ガイナックスはその光景に対して通常の人間がするであろうリアクションを見せ、肩を怒らせながら咄嗟の身体の硬直によりまるで何かに降参するかのように両の手を上げビビり散らかす。

それと引き換え、世俗まみれと呼ばれる男は酷く落ち着いており、今も尚両肘を机の上に置きながら両手を組んで達観する。

「てめえ、その顎、砕かれてえか?」

その齢の娘からは想像も出来ないようなドスの効いた声が世俗まみれに浴びせられる。しかし、尚も彼はそんなもの意にも掛けていない様な素振りで受け流し、大げさな反応は示さない。

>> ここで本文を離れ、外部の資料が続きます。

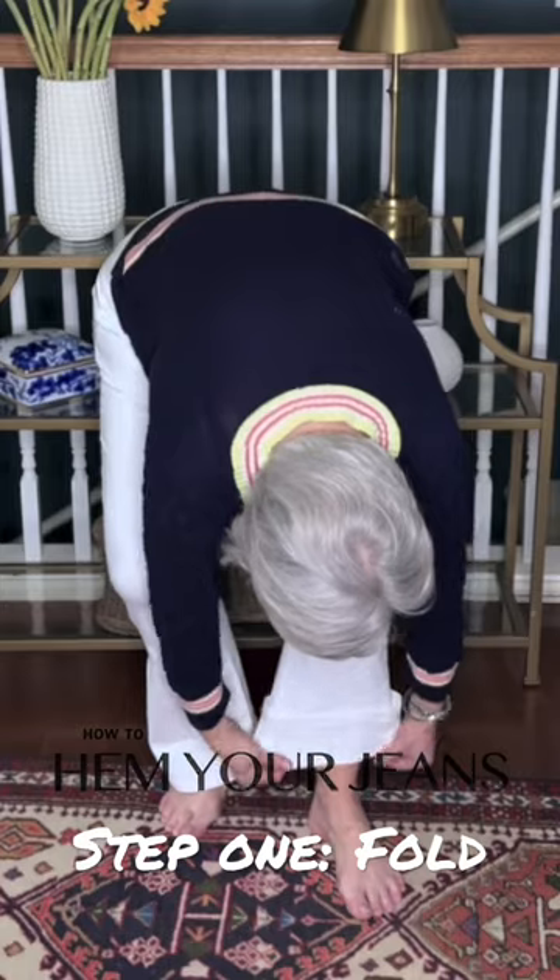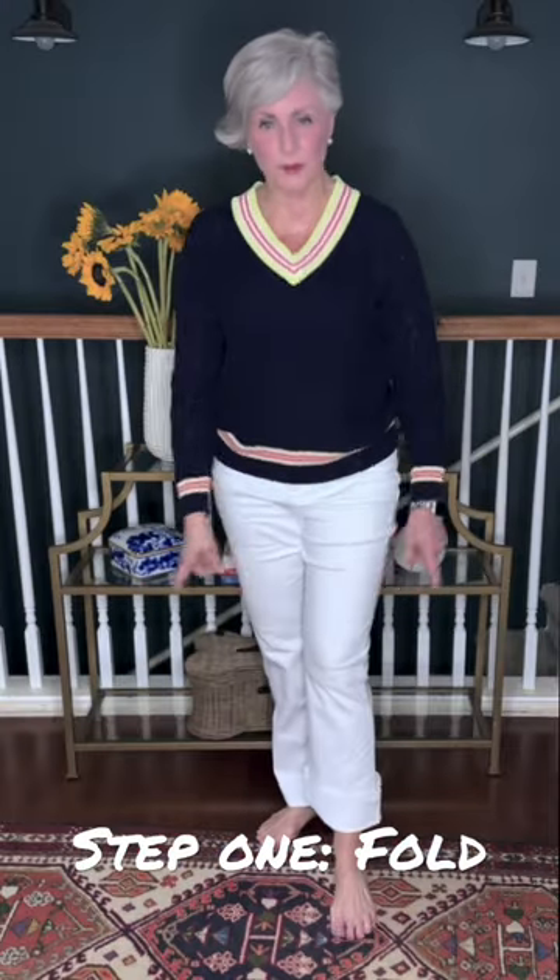How to Hem Your Jeans. Step 1: Fold to the desired length.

「砕くも何も、今の君は力を振るう事さえできない。個人的な感情と嫌がらせで神域を荒らすなんて前代未聞だし、監視役でもある僕からすればこの現状は野呂井家に報告せざる負えない。それも、君自身が下手に力を持ってしまったからに他ならない弊害だ。それを君が、しっかりと理解してくれることを心から願うよ」

ミアムが机上に上げた足に力が入る。このまま行けばその踏みつけによって木製のテーブルをも貫通し、床まで踏み抜きそうな気迫が感じられる。

「リンちゃんは元気?」

世俗まみれが更に別の名前を不意に出した。それによって一瞬だがミアムの顔が虚を突かれたが故の無を体現し、しかし瞬く間にそこには憤怒を思わせる血走った眼が生み出され、かつさらに彼女の抱く昂ぶりを加速させた。

「お前ごときが、リンの名を口にするな……!」
「単純に、僕は彼女が心配なだけだ。彼女は文字通りの神罰を食らった。そうある事じゃない。もしかしてだけど、僕は君とそんな他愛もない世間話をするのも許されないのかな」

ほんの数秒であるが、膠着状態という名の沈黙が続く。なお、今もこの状況に巻き込まれているガイナックス自身は未だに体を硬直させたままの状態を維持しており、完全に元の体勢に戻るタイミングを見失っていた。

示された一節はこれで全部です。